According to Milton Charbonneau, vice president of the Teaneck, NJ-based Colliers Houston & Co., the property traded for a price "in the low $60-million range, $150 per sf." Charbonneau brokered the deal with the help of Craig Evans, senior managing director of institutional investment sales for Colliers ABR of New York City. "The seller put the property on the market to take advantage of a favorable interest rate environment."
With the transaction, the asset moves into the portfolio of the New York City-based company that was represented in-house by Robert Dekey, managing director of acquisitions. His company currently manages a portfolio of more than nine million sf of office space, about half of which it also owns. Most of that is in New York, but the buyer has recently expanded its holdings to Stamford, CT, and now to the Princeton area market.

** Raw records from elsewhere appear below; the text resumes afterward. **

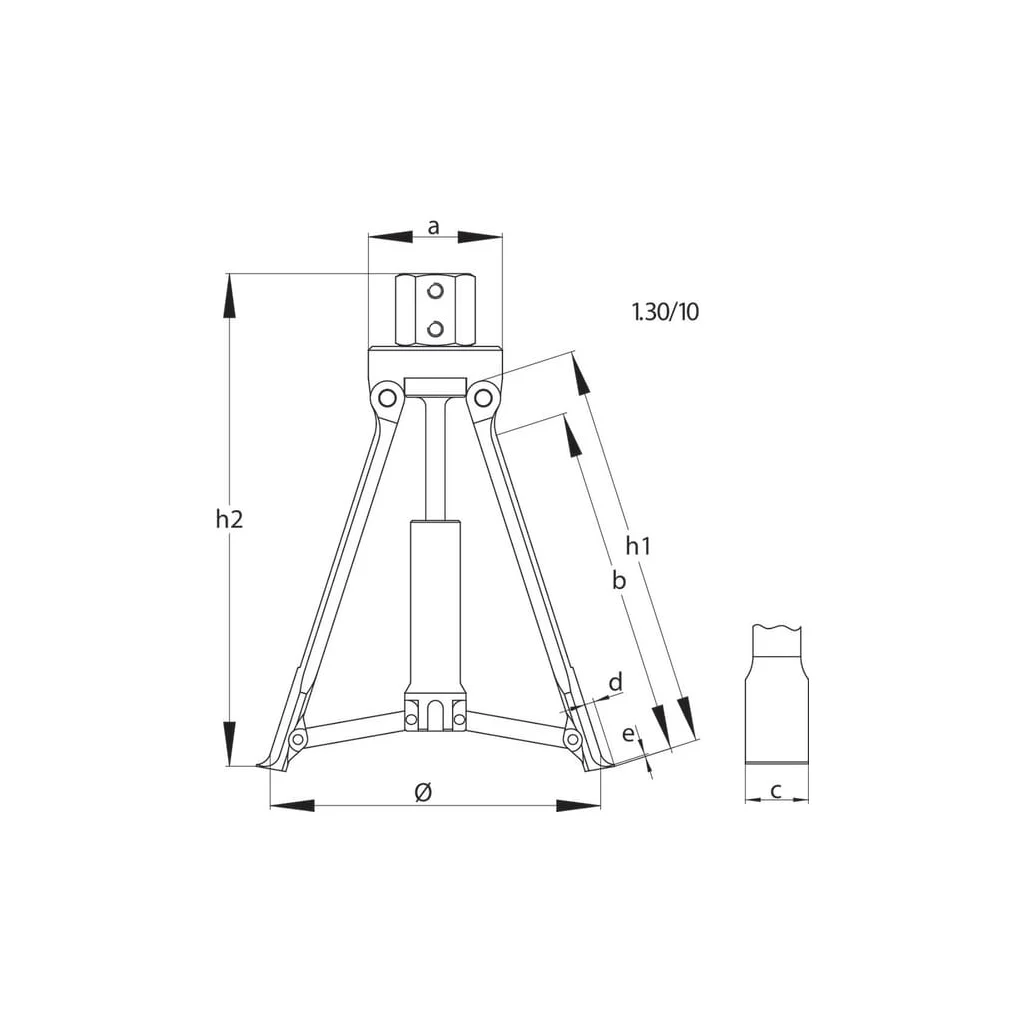 [AMAT2-61615] Extractor intern 60-160 mm 13010GED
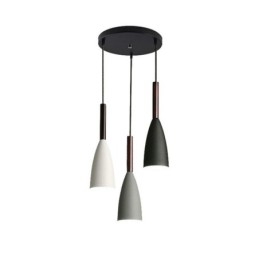 Moderne eenvoudige hanglamp met drie lampen, creatieve aluminium kunstlamp, café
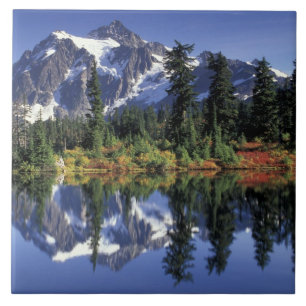 Carreau États-Unis, WA, Heather Meadows RA. Mont Shuksan à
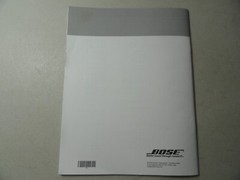 Bose Acoustic Wave II CD Changer – Owners Guide User Manual Original Instruction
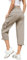 Hose Damen 3/4 Sommer Casual Cargohose Caprihose Jogginghose Comfy Stretch Leichte Outdoor Sport Reise Wanderhose Mit 6 Taschen (Khaki, S)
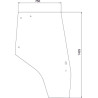 Vitre de porte droite UNIVERSEL 3825690M1N
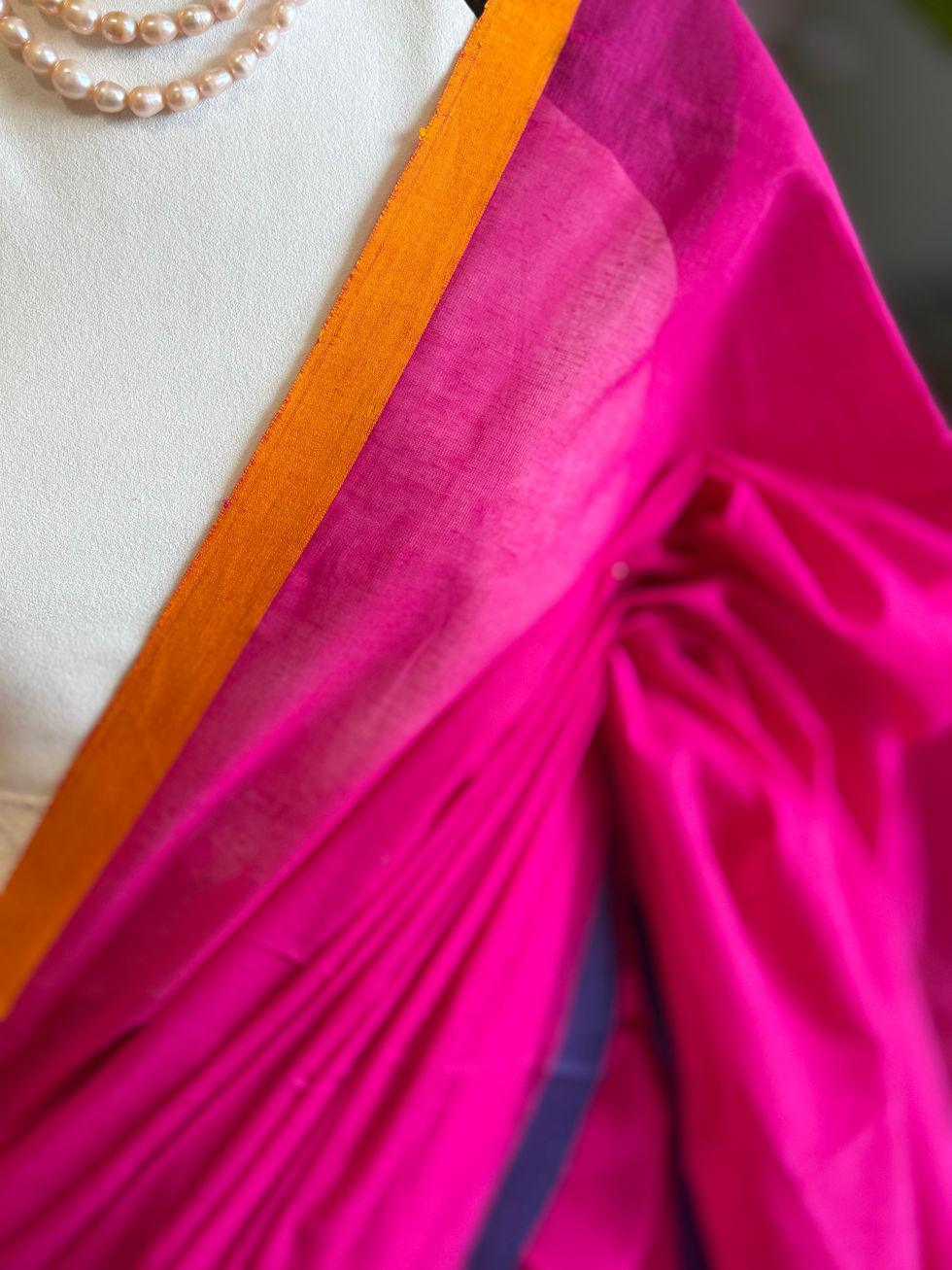 Thumbnail: Handwoven Bengal soft cotton saree 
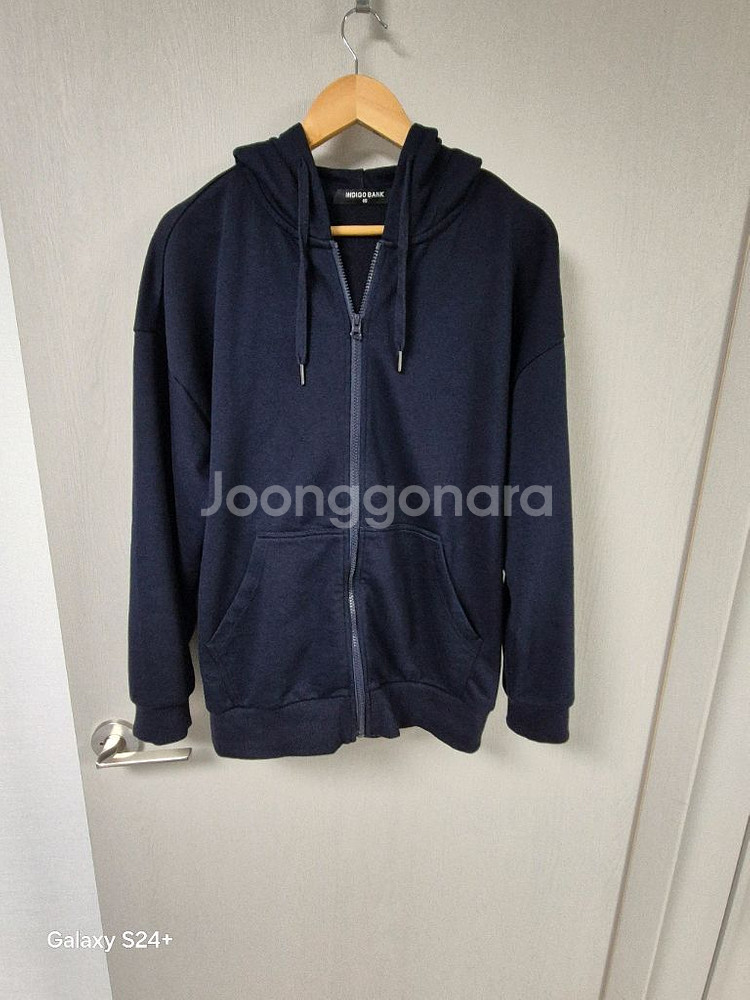 넘 이쁜 블루 후드 집업 100에서 105 (새상품)--0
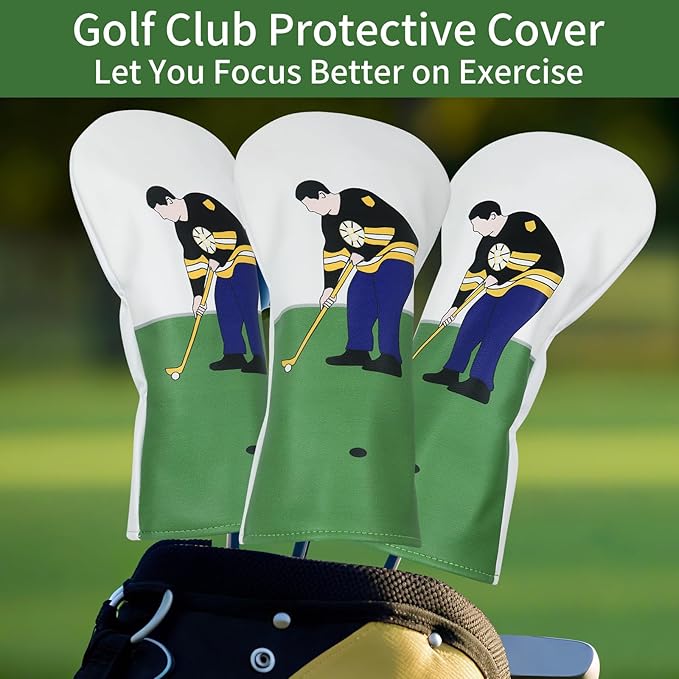 Golf Club Head Covers, Golf Club Covers, Driver Headcover，Driver Cover，Golf Club Covers，Novelty DriverHead Covers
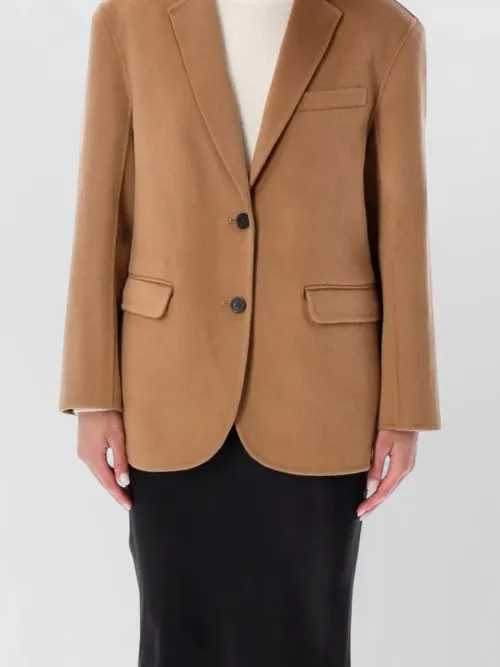 Anine Bing - oversized wool cashmere tailored blazer coat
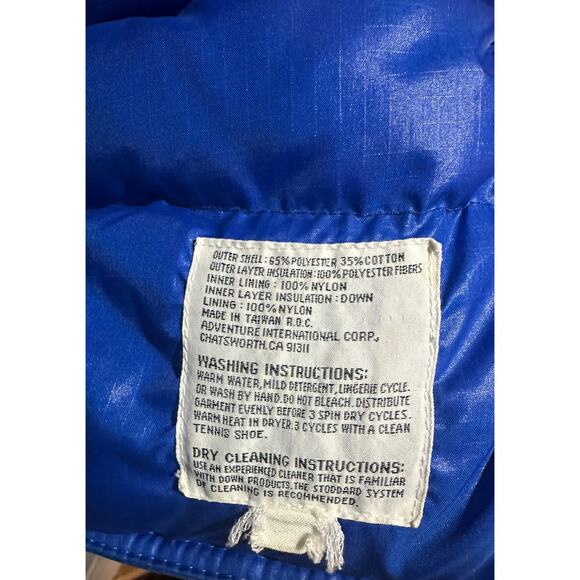 Vintage Adventure Gear Goose Down Vest Quilted Double Layer Body Men L Zip up - Picture 6 of 10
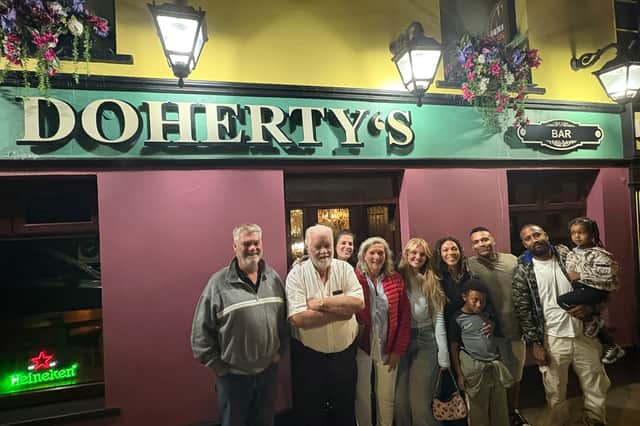 The Dohery family also enjoyed a visit to Ardara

Quakerbridge Plaza is currently 100% leased, with about 90% of the space occupied by various agencies of the State of New Jersey. The property has close access to the state capital, which is nearby Trenton.
"The asset is stabilized and fully tenanted, so the new owner doesn't have to do too much to it," Charbonneau says, noting that the deal itself took six months from beginning to end. "It's also the largest transaction in the Princeton area since the Carnegie Center purchase by Boston Properties." That deal involved two million sf and occurred in 1998.
The State of New Jersey has been the major tenant at Quakerbridge Plaza for close to two decades, and its current lease extends through 2012, Charbonneau tells GlobeSt.com. The other 10% of the office park is leased by various private companies, several of which are state contractors.